Just because the attorney has been removed from the case does not mean that the case starts from scratch. The newly assigned attorney will get all discovery, all files, and everything that the prior attorney has done. Much of what that attorney has done won't be visible to a person who is not and attorney working the case. For instance, if the prior attorney was in the process of writing a motion to suppress evidence, the new attorney will get all the work that attorney did on that issue. Instead of having to reinvent the wheel, the attorney reads what's already been done and picks it up from there. Yes, it takes longer than if the first attorney stayed with it, but it is hardly starting over. The new attorney will also get whatever files and information the investigator, if any, produced.

There is no evidence that the county is corrupt in your postings. Removing an attorney because of a conflict is normal. It is the most ethical thing to do when the attorney needs to be removed. It is not a commentary on your son, nor is it a commentary on or assertion of corruption.

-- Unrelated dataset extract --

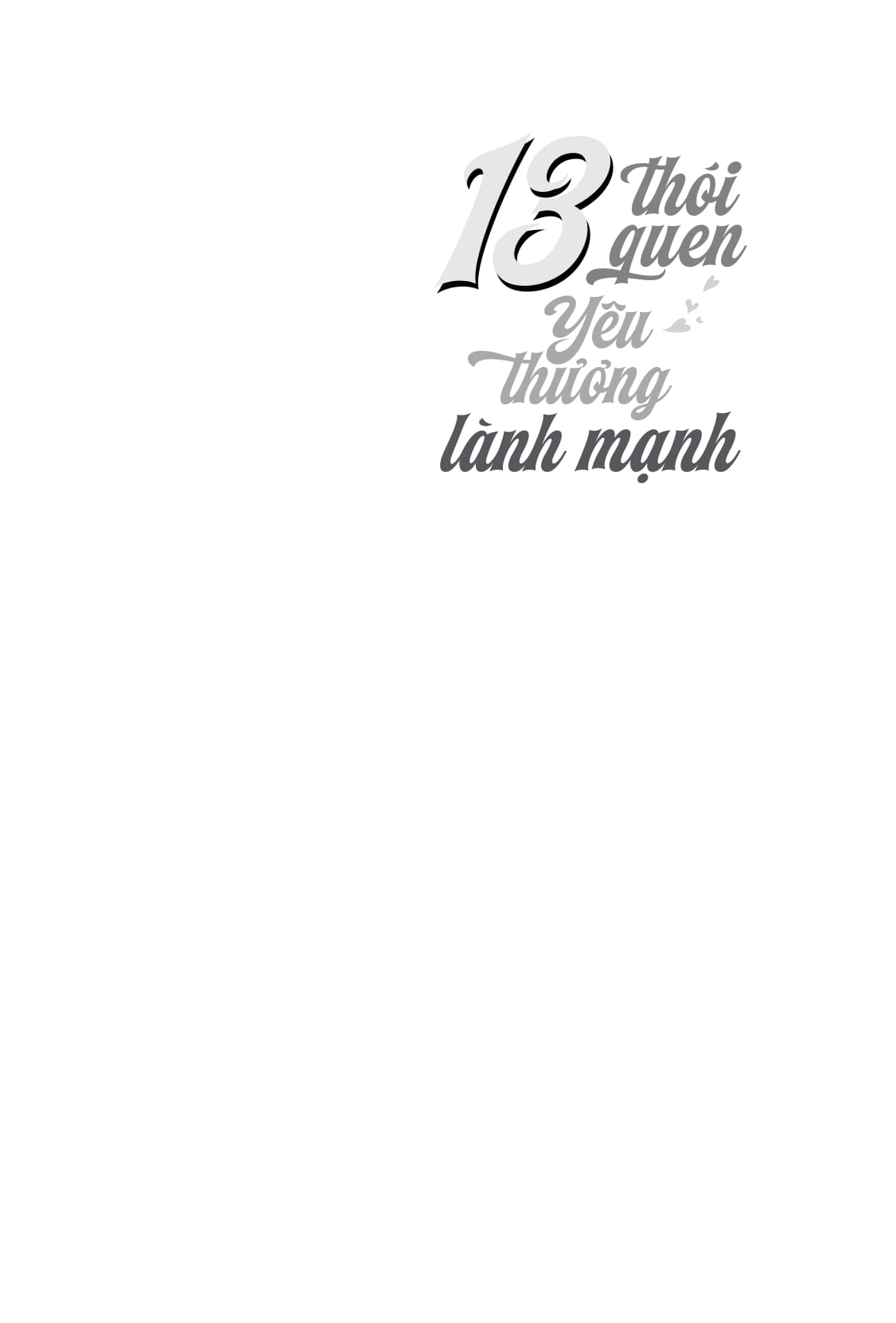 13 Thoi Quen Yeu Thuong Lanh Manh - 13 Things Mentally Strong Couples Don't Do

Attempt murder is a heavy charge. It needs to be done right as the best way to avoid punishment for such a charge is at trial. Let the new attorney work. Usually, a new attorney will be assigned fairly quickly, but each attorney needs to do their own conflict work before accepting the case. As a result, more than one attorney can be asked to take the case. But it is usually a fairly quick thing. At the next status hearing, that attorney will have an idea of the amount of time it will take to catch up and continue on. Expect a Notice of appearance to be filed before that time by the new attorney once one is chosen and accepts the representation.

I don't get where the time in jail now won't be counted towards any prison sentence, should he be sentenced. Right now, he's an innocent man, and the time he's spending counts towards nothing. Should he be found to be guilty of something, the sentencing judge will look at the time he is spending in jail and determine whether it counts towards the time he may be sentenced to, should a prison sentence be necessary. But generally, time spent in jail will be counted towards a prison term upon a finding of guilt and the necessity of a prison sentence.

A year sucks. But better that it be done right. Hopefully the new lawyer will be more communicative with your son. Aggressive may not be the best course of action at the present, but that is a strategy issue.

I understand that it is better for a person to be in jail/prison with a definitive out date. It makes serving time a lot easier when you know how much a day in jail counts. But, this is a heavy charge. Best it's done right.